Matt Frewer sterilising his beard; André Holland teaching a laundress to sew chicken skin; a beautiful girl with no nose; a novelty striptease entitled “The Busy Flea”; the wonders of cocaine.

9 Responses to “Home Theater”

  1. Soderbergh’s an interesting character, prolific to close to the point of “compulsive repetition syndrome.” He HAS to be making something at all times. This cable TV is the place for him.

    Among his films I like Contagion is he best, IMO. Then Behind the Candelabra.

    He tackles interesting subjects but always promises to go deeper than he ever delivers.

  2. He has such a glib facility with film that I think maybe he gets tempted by the quick answer too often. He’s undoubtedly very bright, and has good taste, and is interested in good things.
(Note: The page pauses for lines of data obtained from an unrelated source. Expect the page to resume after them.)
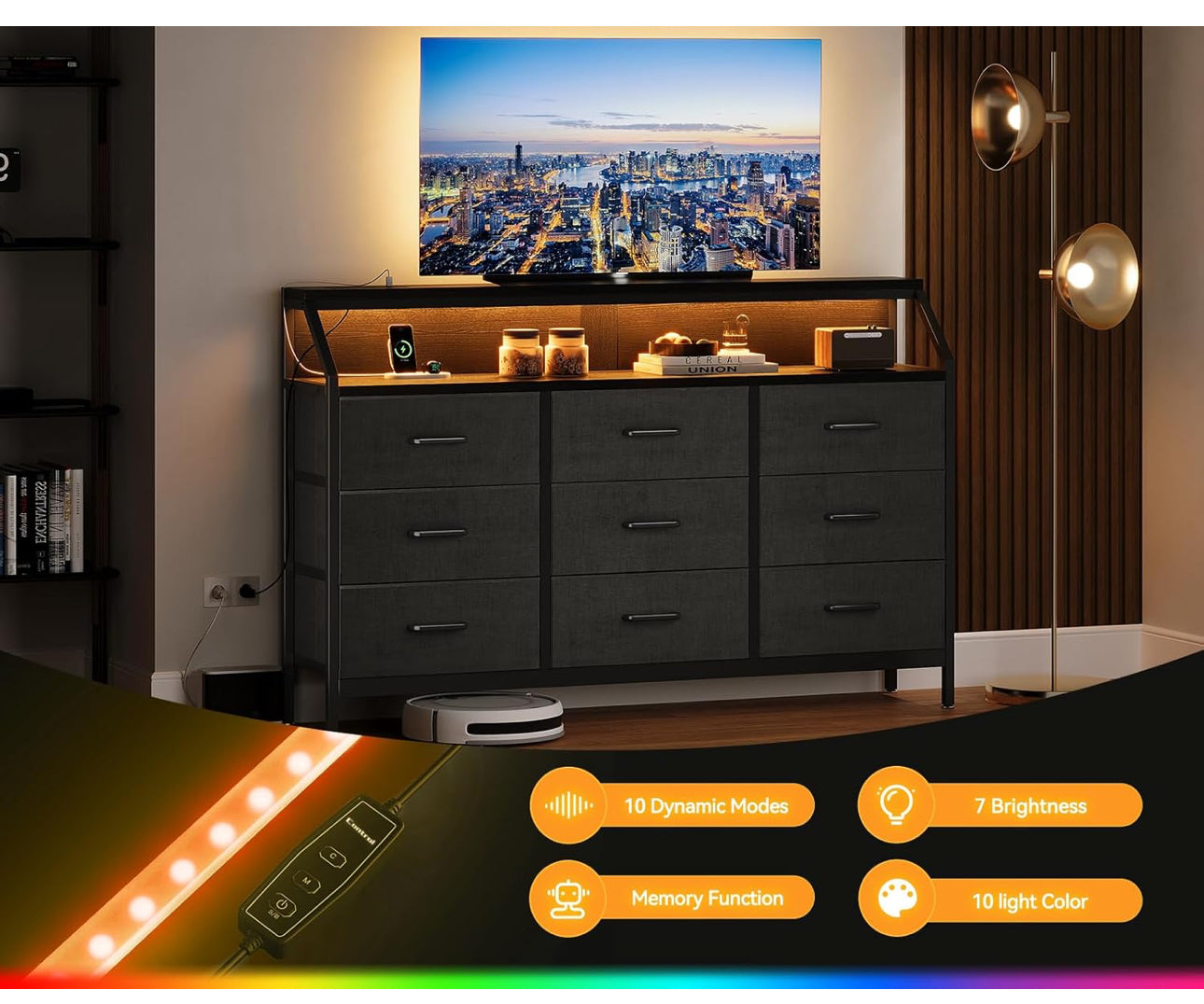 Black Chest of Drawers Bedroom with 9 Fabric Drawers, Storage Dresser with 2 Sockets 2 USB Ports and LED Light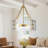 5-light Drum Chandeliers With Textured Glass -844178651
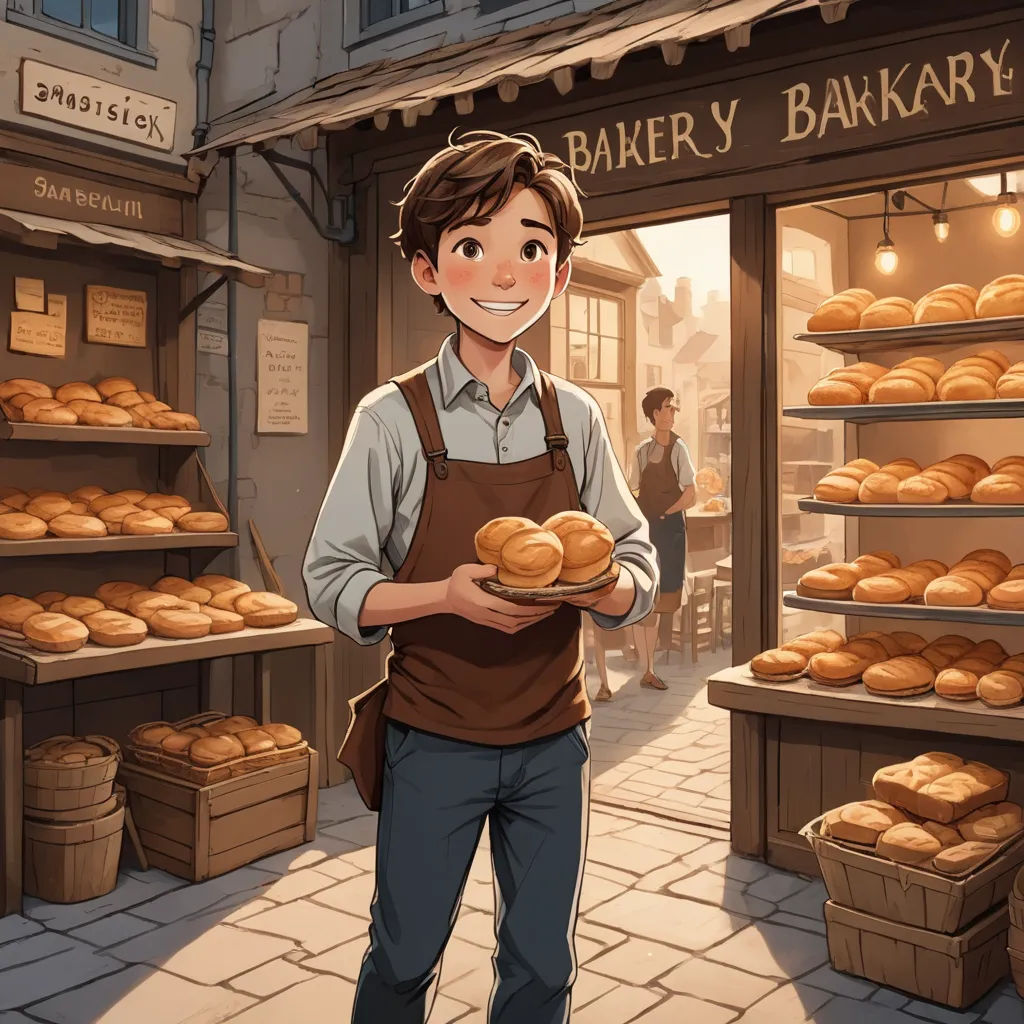 a man holding a plate of bread in front of a bakery shop with a lot of breads on display, american scene painting, a storybook illustration, Cliff Childs, kinkade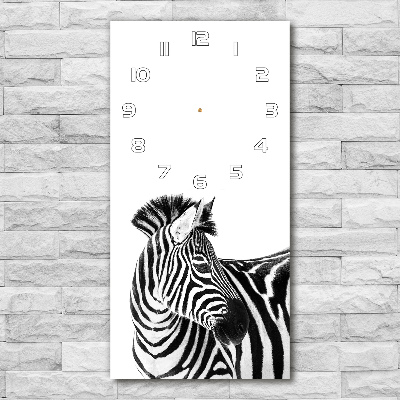 Orologio verticale in vetro con motivo zebra nella neve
    I have high hopes for The Knick — since his “retirement” he’s gone from making two films a year to the equivalent of six or so, and the long run may force him to go deeper. It’s certainly off to a magnificent start.

  3. We’ll see. I find him always just on the verge of zeroing in on something truly interesting and important but not quite getting there for the most part.

    Have you ever met him? He’s great fun to talk to.

  4. The fact that he’s his own DP (and an exceptionally good one) is most important.

  5. And his own editor!

    Haven’t spoken to him personally, but watched Shane Danielsen interview him onstage at EIFF. He had promised to do it a year before, and actually took time out from Ocean’s 13 to come and do it, because his word is his bond. A nice guy.

  6. As I’m sure we’ve discussed before, it has taken me a very long time to warm up to Soderbergh, but I found his last few films fascinating, particularly CONTAGION and HAYWIRE. Still haven’t seen CANDELABRA, but you’ve certainly whetted my appetite for THE KNICK.

  7. I had serious issues with Side Effects in terms of what it ended up saying, but apart from that I thought he was largely on a roll. Even that one is superbly shot and played. So I’m very glad his retirement is more of a refocussing.

    I broke the news to Richard Lester and he sounded almost betrayed. “He was VERY positive about it when he told me…” Maybe Lester felt Soderbergh was affirming his own choice to retire. But he seemed glad when I told him The Knick was great.

  8. “a crucial, emotionally wrenching scene occurs after the camcorder has been knocked to the ground — the entire scene is delivered as audio only, and it’s devastating.”

    Then there’s Grizzly Man, where we see Herzog’s face as he listens to the audio of a man being killed by a grizzly bear. We never hear what is on the audio, we only get Herzog’s advice to the tape’s owner never to listen to it.

  9. Yes, that’s very smartly done. I think it’s even more indirect than that: we see her face looking at his off-screen face as he listens. Of course, we can turn that around and say it shows the primacy of camera placement.